Atherosclerosis Topic Review

Atherosclerosis is the pathologic process by which cholesterol and calcium plaque accumulate within the arterial wall. The term “athero” means porridge and “sclerosis” means scarring, which is how atherosclerosis was first described on autopsy.

Atherosclerotic plaque within the coronary arteries is responsible for coronary artery disease and acute coronary syndromes and ST segment elevation MI, or STEMI. When present in the cerebrovascular system, stroke can occur. Atherosclerosis also contributes to peripheral arterial disease, aortic aneurysms, renal artery disease and mesenteric ischemia.

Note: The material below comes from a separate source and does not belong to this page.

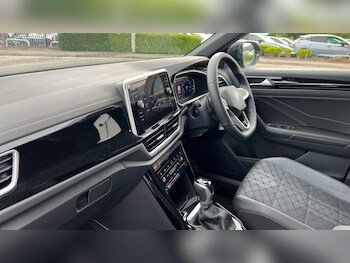 Used Volkswagen T-Roc 2025 for sale - 75829129: Photo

The pathophysiologic process by which atherosclerosis occurs is complex and somewhat controversial. The working theory includes four steps:

  1. Endothelial cell injury. This is likely the initial factor that begins the process of atherosclerotic plaque formation. Because the endothelium is constantly exposed to the circulation, any toxin present can result in damage, as occurs during tobacco use, diabetes and dyslipidemia. The continuous physical force exerted upon the endothelium also commonly plays a role, as the greatest atherosclerotic plaque occurs at arterial bifurcations ― i.e. the bifurcation of the left main coronary artery and the left anterior descending. Hypertension increases the physical force present.
  2. Lipoprotein deposition. When the endothelium is injured or disrupted, lipoprotein molecules can gain entry where they are then modified by oxidation (via free radicals or oxidizing enzymes) or glycation (in diabetes). This modified lipoprotein, or LDL, is inflammatory and able to be ingested by macrophages, creating “foam cells” and causing a “fatty streak” in the arterial wall.
  3. Inflammatory reaction. The modified LDL is antigenic and attracts inflammatory cells into the arterial wall. Also, after endothelial injury, inflammatory mediators are released further, increasing leukocyte recruitment.
  4. Smooth muscle cell cap formation. Smooth muscle cells migrate to the surface of the plaque, creating a “fibrous cap.” When this cap is thick, the plaque is stable; however, thin capped atherosclerotic plaques are thought to be more prone to rupture or erosion, causing thrombosis.